Both Open the future.com and global guerrillas referenced a recent set of essays that basically argue the US's response to our financial collapse (Or in Jamais Cascio humorous thought, the Cha-Chingularity) looks like that of "emerging markets" like Russia or Argentina.

The Quiet Coup, by Simon Johnson, a former chief economist of the IMF.

Welcome to America, the World's Scariest Emerging Market, Desmond Lachman, a fellow at the American Enterprise Institute, was previously chief emerging market strategist at Salomon Smith Barney and deputy director of the International Monetary Fund's Policy and Review Department.

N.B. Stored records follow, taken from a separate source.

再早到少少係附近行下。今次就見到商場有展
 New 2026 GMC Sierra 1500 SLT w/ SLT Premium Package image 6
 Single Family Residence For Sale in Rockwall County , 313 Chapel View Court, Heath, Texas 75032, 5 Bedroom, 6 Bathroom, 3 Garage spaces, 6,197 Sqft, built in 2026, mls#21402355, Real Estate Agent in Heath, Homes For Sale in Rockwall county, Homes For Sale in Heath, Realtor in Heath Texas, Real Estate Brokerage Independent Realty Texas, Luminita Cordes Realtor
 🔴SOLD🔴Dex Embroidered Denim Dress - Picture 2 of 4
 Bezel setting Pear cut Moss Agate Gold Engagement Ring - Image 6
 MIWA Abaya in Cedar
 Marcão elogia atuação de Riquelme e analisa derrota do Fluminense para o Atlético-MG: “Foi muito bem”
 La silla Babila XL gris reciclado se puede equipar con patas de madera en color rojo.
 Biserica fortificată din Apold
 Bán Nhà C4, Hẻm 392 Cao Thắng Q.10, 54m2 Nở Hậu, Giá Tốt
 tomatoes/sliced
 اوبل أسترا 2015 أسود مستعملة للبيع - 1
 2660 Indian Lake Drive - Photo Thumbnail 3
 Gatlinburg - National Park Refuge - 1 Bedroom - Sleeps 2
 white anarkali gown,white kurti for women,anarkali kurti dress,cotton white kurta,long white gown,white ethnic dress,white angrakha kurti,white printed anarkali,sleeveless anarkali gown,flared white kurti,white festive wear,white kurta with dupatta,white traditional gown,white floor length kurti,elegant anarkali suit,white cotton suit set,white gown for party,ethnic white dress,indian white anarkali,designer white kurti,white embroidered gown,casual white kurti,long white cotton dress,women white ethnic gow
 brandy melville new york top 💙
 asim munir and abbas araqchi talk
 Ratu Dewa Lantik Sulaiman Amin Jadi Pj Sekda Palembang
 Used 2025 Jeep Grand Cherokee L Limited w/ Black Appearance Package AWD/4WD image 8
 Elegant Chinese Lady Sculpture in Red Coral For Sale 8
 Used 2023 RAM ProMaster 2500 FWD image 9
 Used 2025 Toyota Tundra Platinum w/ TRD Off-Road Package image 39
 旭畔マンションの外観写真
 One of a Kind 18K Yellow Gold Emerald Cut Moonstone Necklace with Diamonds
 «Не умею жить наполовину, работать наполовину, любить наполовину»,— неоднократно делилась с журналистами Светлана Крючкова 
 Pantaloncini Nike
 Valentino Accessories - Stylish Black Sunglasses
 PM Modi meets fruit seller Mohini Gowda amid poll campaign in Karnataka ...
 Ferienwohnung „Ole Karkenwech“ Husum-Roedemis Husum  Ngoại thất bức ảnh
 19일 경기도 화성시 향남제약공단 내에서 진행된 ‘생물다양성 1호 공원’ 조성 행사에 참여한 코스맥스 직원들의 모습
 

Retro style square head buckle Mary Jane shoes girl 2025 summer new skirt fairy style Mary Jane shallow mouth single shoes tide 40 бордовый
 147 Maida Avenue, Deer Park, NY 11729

The End, Michael Lewis, author of Liar's Poker.

The Big Takeover, by Matt Taibbi for Rolling Stone.

The basic theme of many of those is that you're not going to get an economic recovery as long as your government is busy bailing out their industry friends who are in a hole bigger than your entire economy.

Several of the economists recommend, force banks to properly value their assets (and stop living in a dream world), nationalize the ones who are now bankrupt (leaving the banks who didn't fuck up alone), wipe out the excess debt, auction the crap assets, and then auction off the cleaned up bank in smaller, more regional units.

It's time to update those anti-trust laws. No company should be big enough to be a threat to the economy.